Note: the value of 0.35 corresponds to the sample proportion of students who use passphrases. It should make intuitive sense that if 7 out of 20 students in our sample say they use passphrases, we would say that our best estimate for the proportion of college students who use passphrases for their university email is 0.35.

View the video below that provides a bit more detail on finding and visualizing the likelihood and log-likelihood functions for a Bernoulli distribution:

7.3.1.3 Example 2: Normal

Let \(X_1, \cdots, X_n\) be i.i.d. \(N(\mu, \sigma^2)\). Find the corresponding likelihood and log-likelihood functions.

From equation (4.11), the PDF of \(X \sim N(\mu, \sigma^2)\) is \(f_X(x) = \frac{1}{\sigma \sqrt{2 \pi}} \exp \left(-\frac{(x - \mu)^2}{2 \sigma^2} \right)\), where the support of \(x\) is all real numbers.

The likelihood function, per equation (7.1), becomes

\[ L(\mu, \sigma^2 | \boldsymbol{x} ) = \prod_{i=1}^n f_X(x_i; \mu, \sigma^2) = \prod_{i=1}^n \frac{1}{\sigma \sqrt{2 \pi}} \exp \left(-\frac{(x_i - \mu)^2}{2 \sigma^2} \right). \]

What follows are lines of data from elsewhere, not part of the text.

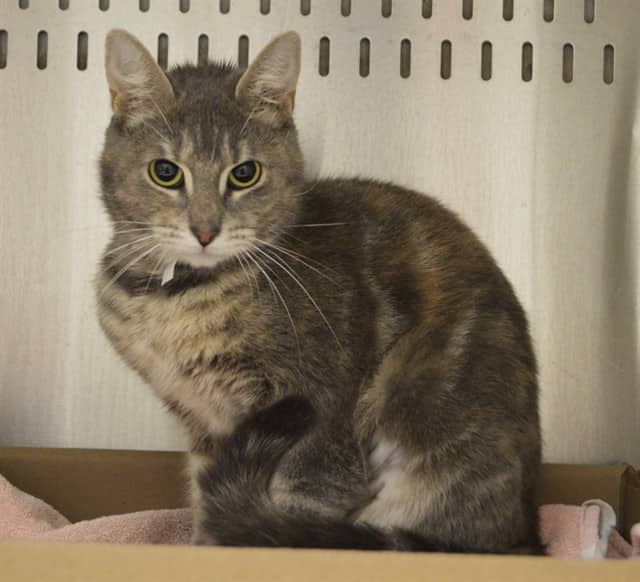 MARIGOLD - Domestic Shorthair cat available for adoption at Ottawa Humane Society in Ottawa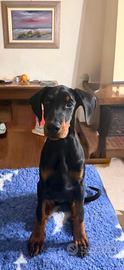 Cuccioli di dobermann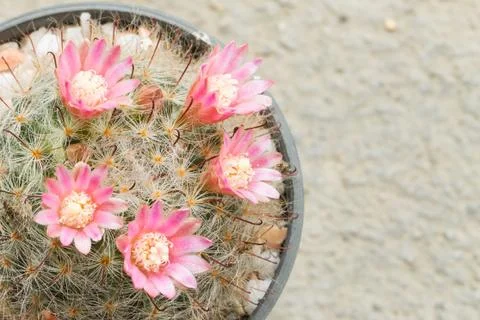 Close up of Cactus in plastic pot Foto stock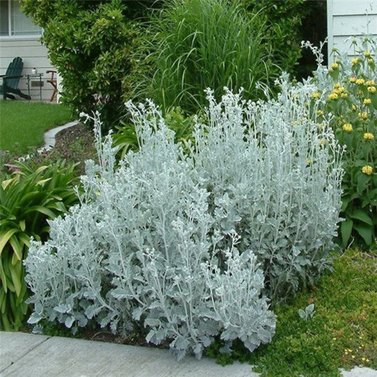 Dusty Miller Plant- Silver Ragwort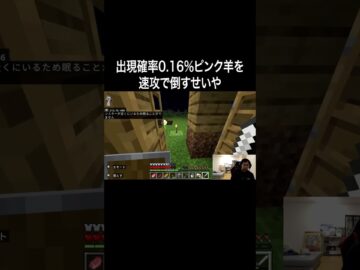 出現確率0.16%ピンク羊を速攻で倒すせいや #イニミニ切り抜き #shorts  #マイクラ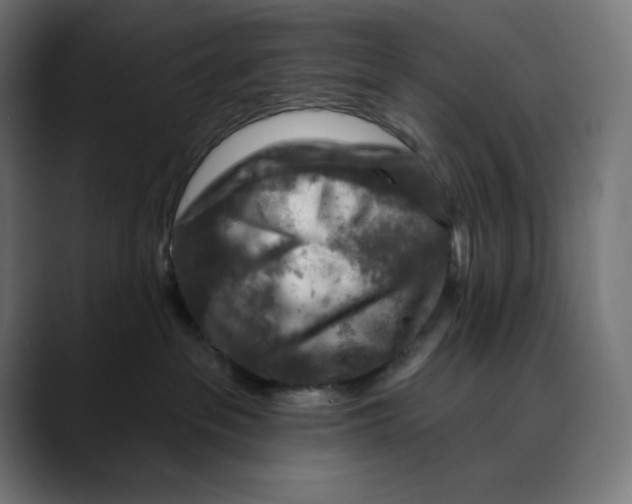 X0000088920237200707061409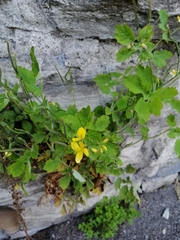 Chelidonium majus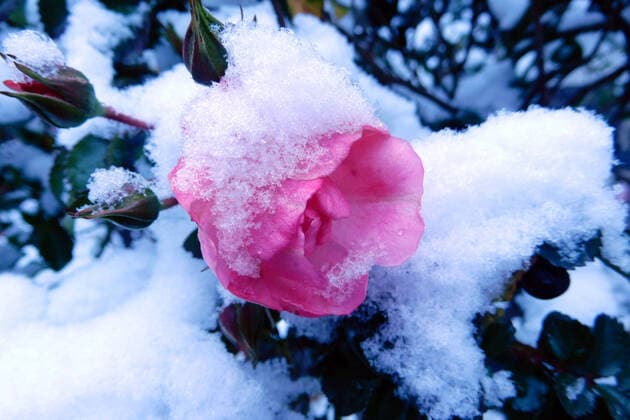 Rosenblüte vom Wintereinbruch überrascht und in Schnee gehüllt fotografiert am 17.01.2021 Rosenblüte vom Wintereinbruch überrascht und in Schnee gehüllt.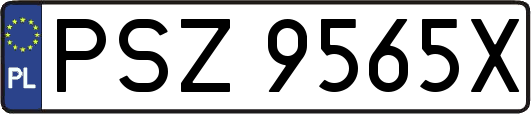 PSZ9565X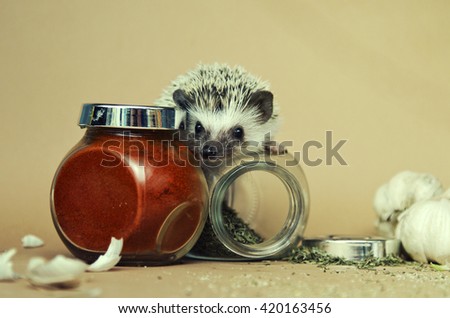 small, adorable, funny and cute hedgehog on a beige background with cooking spices (cooking, kitchen)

The log-likelihood function, per equation (7.2), becomes

\[ \begin{split} \ell (\mu, \sigma^2 | \boldsymbol{x}) &= \sum_{i=1}^n \log f_X(x_i; \boldsymbol{\theta}) \\ &= \sum_{i=1}^n \log \left\{ \frac{1}{\sigma \sqrt{2 \pi}} \exp \left(-\frac{(x_i - \mu)^2}{2 \sigma^2} \right) \right\} \\ &= \sum_{i=1}^n \left\{-\frac{1}{2} \log (2 \pi \sigma^2) -\frac{(x_i - \mu)^2}{2 \sigma^2} \right\} \\ &= -\frac{n}{2} \log (2 \pi \sigma^2) - \frac{1}{2 \sigma^2} \sum_{i=1}^n (x_i - \mu)^2. \end{split} \]

View the video below that provides a bit more detail on finding and visualizing the likelihood and log-likelihood functions for a normal distribution:

7.3.2 Maximum Likelihood Estimation

We are now ready to formally define the method of maximum likelihood estimation. The maximum likelihood (ML) estimates \(\hat{\theta}_1, \cdots, \hat{\theta}_m\) of the parameters \(\theta_1, \cdots, \theta_m\) are found by maximizing the likelihood function \(L(\boldsymbol{\theta} | \boldsymbol{x} )\).

Remember the following when finding ML estimates:

  • The values of \(\boldsymbol{x}\) are considered fixed as they are given in our data.
  • We are varying the values of the parameters \(\boldsymbol{\theta}\) and finding what specific values of \(\boldsymbol{\theta}\) will maximize the likelihood function.
  • We could choose to maximize the log-likelihood function instead. It is often easier to work with the log-likelihood function, as likelihood functions often have exponents (powers) in them, which makes maximizing them more complicated. The solution will be the same.

We re-visit Examples 1 and 2 from the previous subsection.

7.3.2.1 Example 1: Bernoulli

Let \(X_1, \cdots, X_n\) be i.i.d. \(Bern(p)\). Find the ML estimate for \(p\).

We will work with the log-likelihood function, which we had found to be

\[ \ell (p | \boldsymbol{x}) = \log p \left(\sum_{i=1}^n x_i \right) + \log (1-p) \left( n - \sum_{i=1}^n x_i \right). \]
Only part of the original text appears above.